There is a similar question regarding a new job in the same company, this is a new company and I think I could've done with a break (I live in the UK).

  • 3
    This could be very dependent on the nature of the work you're expected to be doing. If it's something where there's a long expected onboarding process the answer might be different to one where you're expected to be nearly fully productive from day one. Sep 23, 2022 at 14:37
  • Perhaps, 2 weeks is a sufficient break. The duration of the break depends on how stressful your last job was. If the last job was not too stressful, a week or a few days would be good enough. I did not even take a break between my last 2 jobs as they were not too stressful. Sep 23, 2022 at 23:06

4 Answers 4


Ah, finishing on a Friday and starting on the Monday, been there - done that far too many times (I appear to be a slow learner in that regard).

Give pushing your start date back is perhaps undesirable do you have any options for finishing your notice period early instead? e.g. do you have any annual leave accrued (remember you'll be accruing it even during your notice period)

Getting a large break this way might be unrealistic, but I'm not sure that it's necessary - even a few days to decompress can make a world of difference to such a transition.

If you can't get yourself more time off between the roles a good backup plan is to make plans for that weekend to make sure you do things you find relaxing, and try and keep it clear of anything stressful: if you have any chores that would normally be done at the weekend try and fit them in during the evenings in your last week of notice, get as much as you can of what you need for the new job prepared in advance etc.
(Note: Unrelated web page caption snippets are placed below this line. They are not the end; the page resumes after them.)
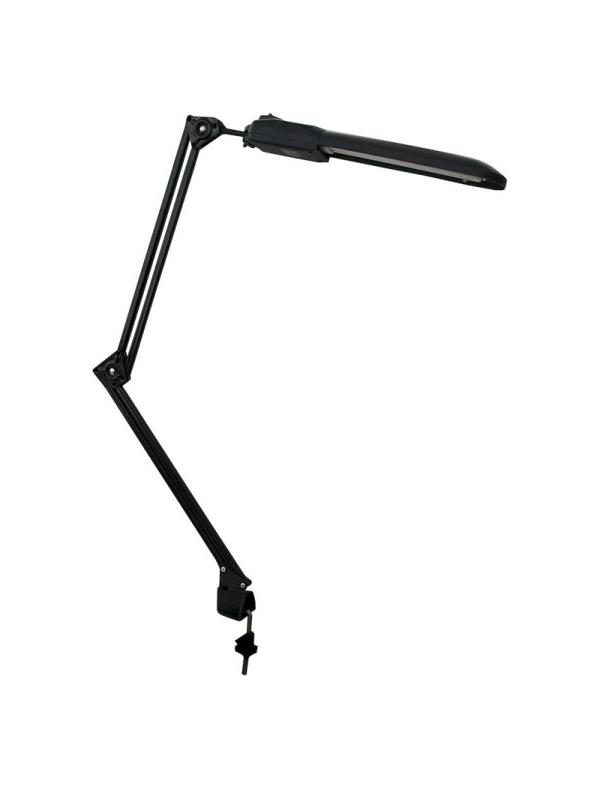 Светильник Трансвит Дельта на струбцине 2G7 11W с АПП МПС черный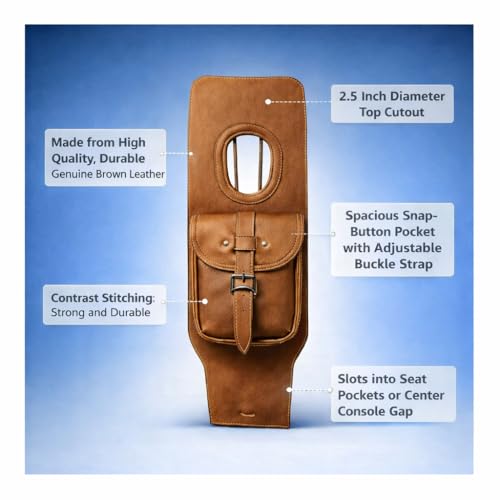 Image of Bike Petrol Tank Cover Brown PU Rexine Water Proof Pocket Cover for RE Classic All Model's 1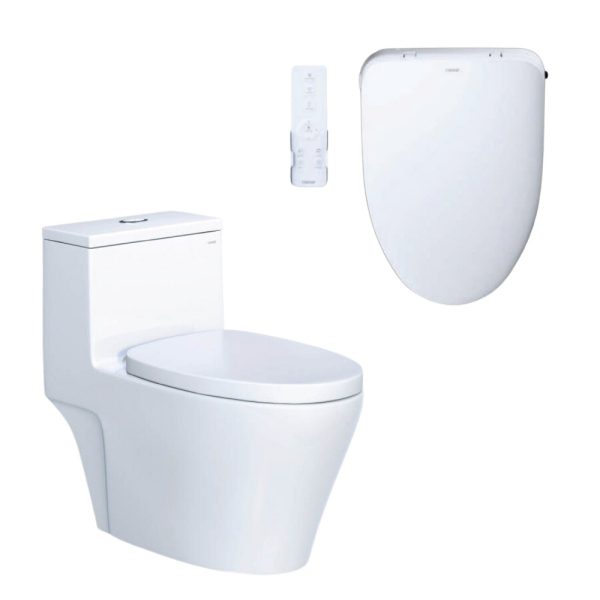 Bồn cầu 1 khối nắp điện tử Caesar C1356F/TAF710H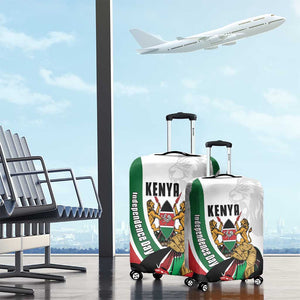 Kenya Independence Day Luggage Cover Lion With Coat Of Arms - African Pride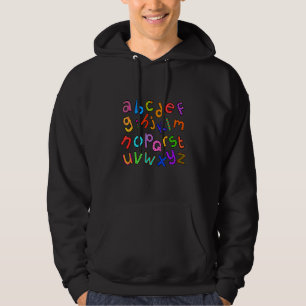 Moletom Professor de Rabiscos do Alfabeto ABCs Aprendizado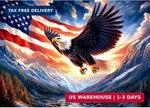 Ceovr Bald Eagle Diamond Art Kits For Adults, American Flag Painting Dot. Fixed Price $11.49.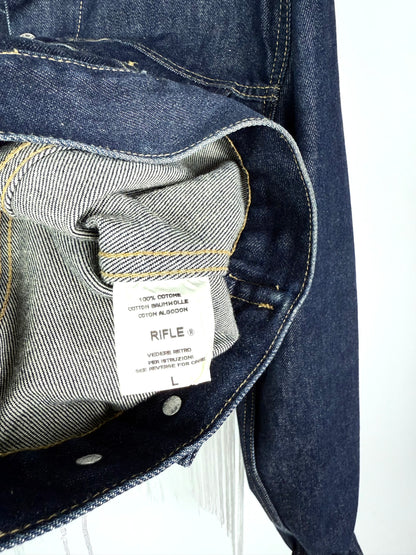 Giacca di jeans frange e patch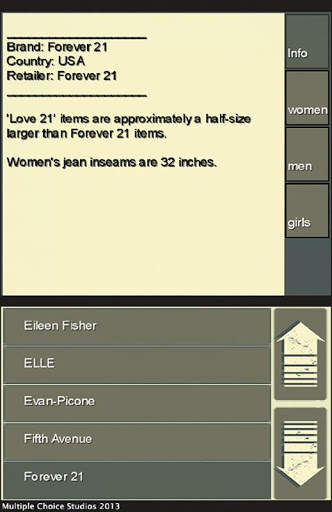 My Size Clothing Lite screenshot 4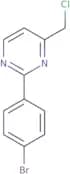 2-(4-Bromophenyl)-4-(chloromethyl)pyrimidine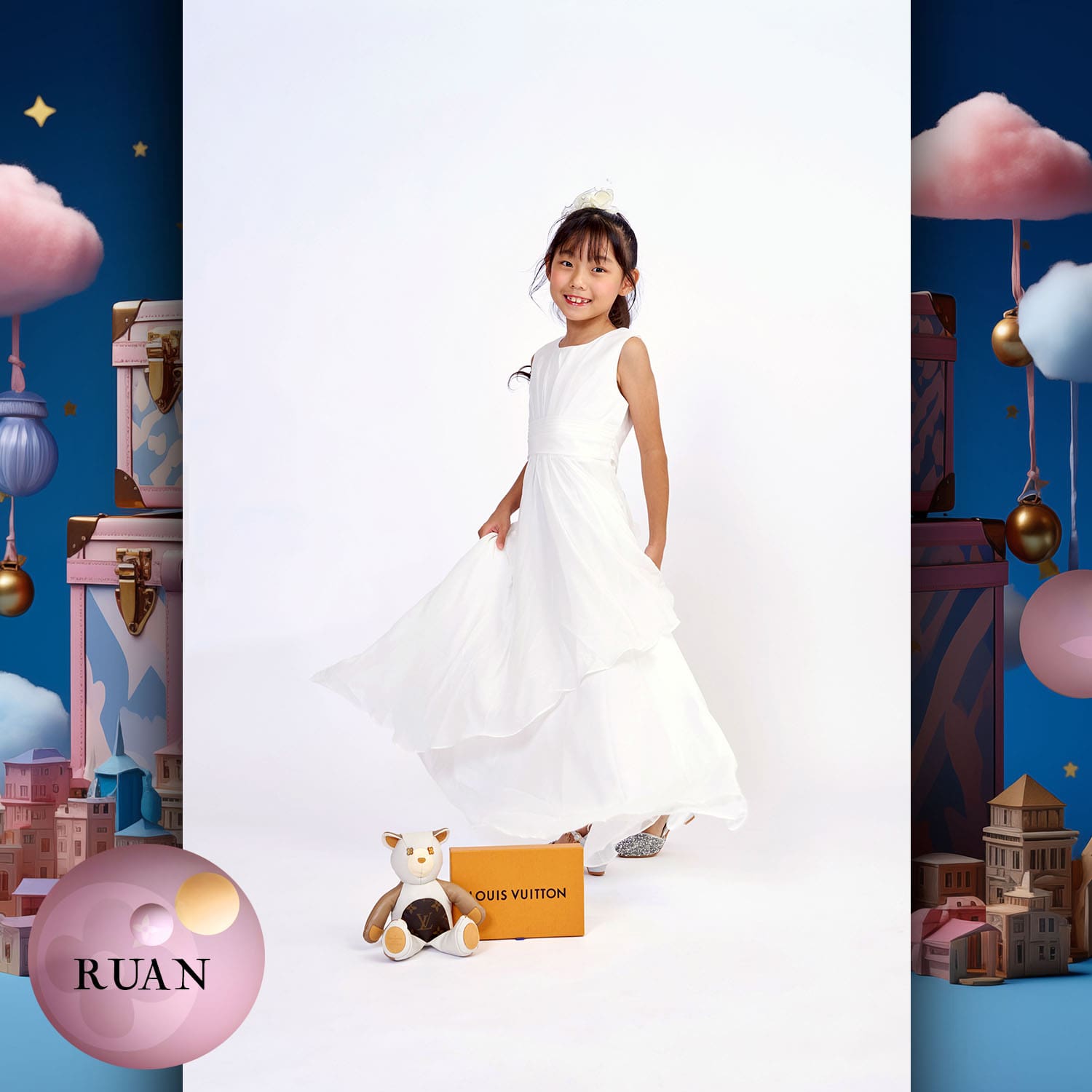 154 Niños Tokei en Runway Revista World Kids Audición 2023 Louis Vuitton
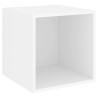 Ensemble de meuble TV 5 pcs Blanc Bois d'ingénierie 619007619007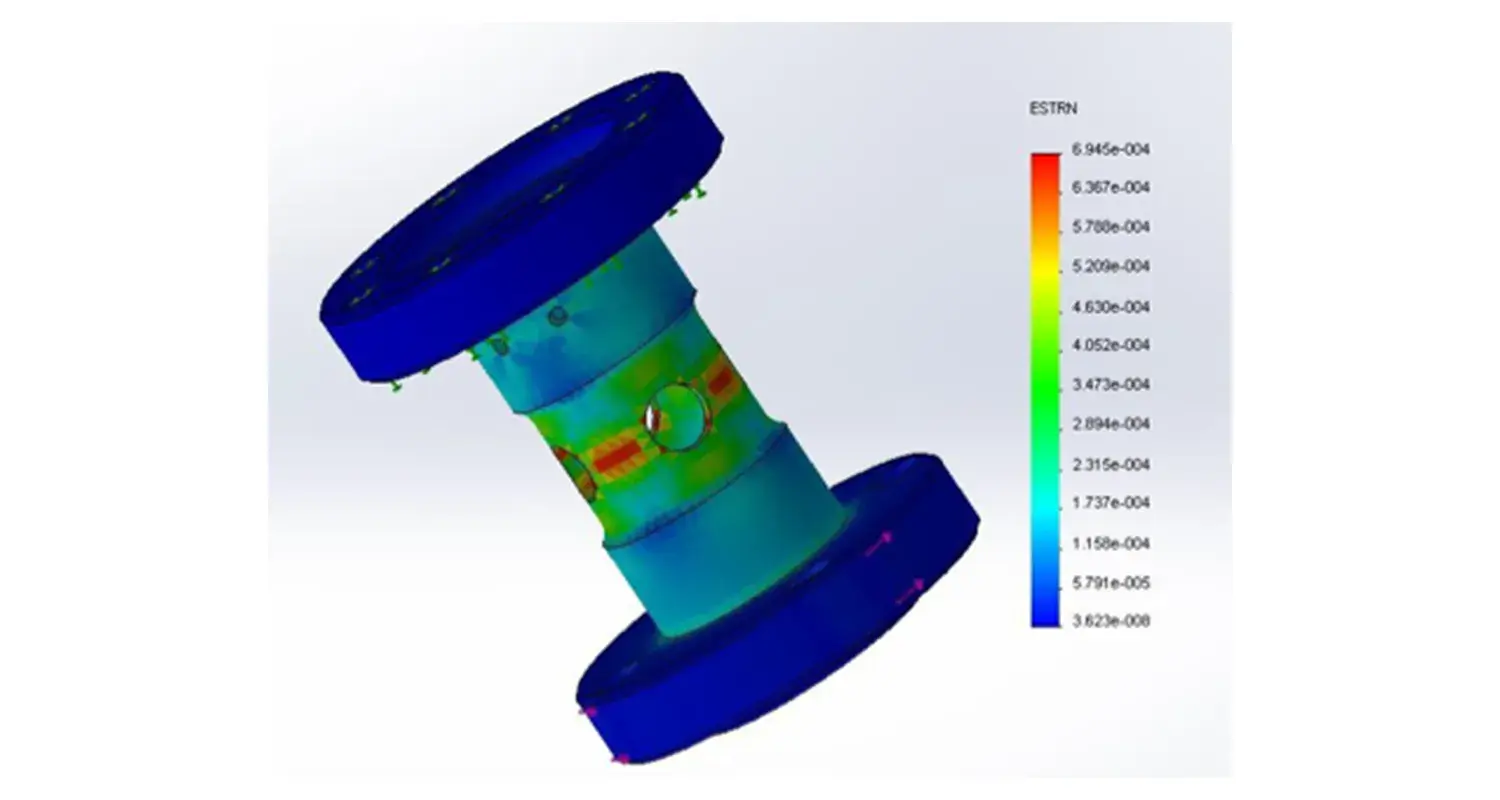 HITEC Transducer Manufacturing FEA Field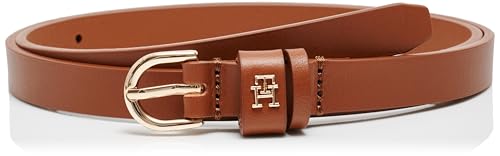 Tommy Hilfiger Donna Cintura Essential Effortless 1,5 cm Stretta, Marrone (Cognac)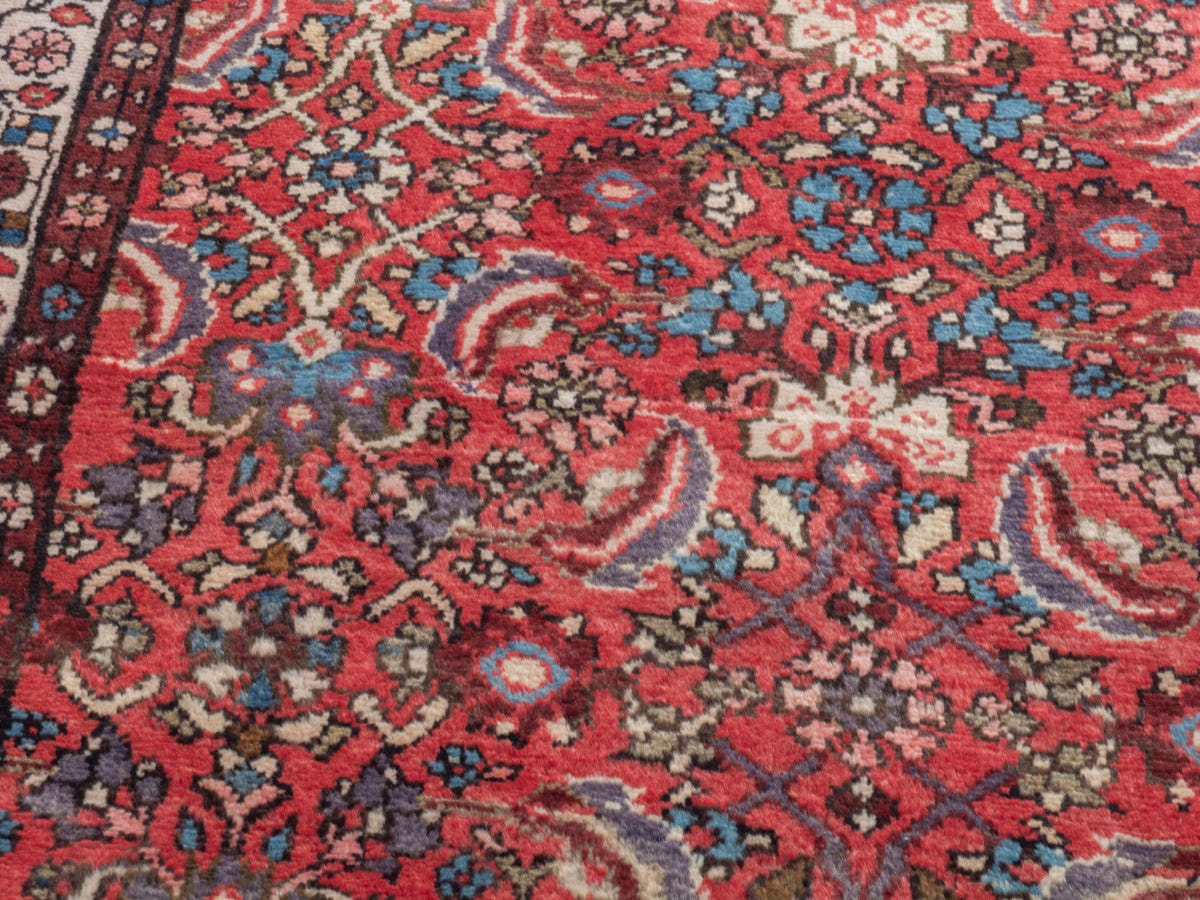 4352, Persian Hamadan Runner Rug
Why presume when you can just ask?

Talk to your current/future employer separately, and ask if there's any room to (shorten your notice period / push back your start date) by a few days?

Make it clear that you're prepared to stick to the original date and see how they respond.

Given how short the gap is, even a few days extra might make a big difference.


Assuming there's no obviously time-critical requirement on your new employer's side, I don't see any real harm in asking them if you can push your start date back by a week or two (assuming you still have two weeks until your currently scheduled start date). Depending on the industry they should consider themselves lucky you only had a once month notice period anyway.

IANAL so take this with a pinch of salt, but if the worst case happens and they rescind the offer (they probably can't do this if you've signed an offer, although they can of course hold you to the start date you agreed) you may well have dodged a bullet - if they're not willing to be flexible about your start date by a few days, who knows how they'll be with regards to other working conditions.

If they aren't willing or able to push the start date back, just make sure you understand what the expectations are in terms of your onboarding to the new company, how soon you're expected to be productive etc, and then don't overstretch yourself trying to reach or exceed those goals too soon. Changing jobs is never going to be stress-free but you can certainly make things worse for yourself by pushing yourself too hard too fast in your new role.

  • What happens if the person doing the training has booked their own holiday 2 days after the start date and won't be available to cover a late start?
    – Solar Mike
    Sep 23, 2022 at 17:22
  • 1
    Then they'll say no to his request and he's lost nothing? Sep 24, 2022 at 18:27

Is there any advisable way to deal with this, or is it just a matter of getting on with it?

At this point it's too late to make changes.

Just get on with it and await your next vacation.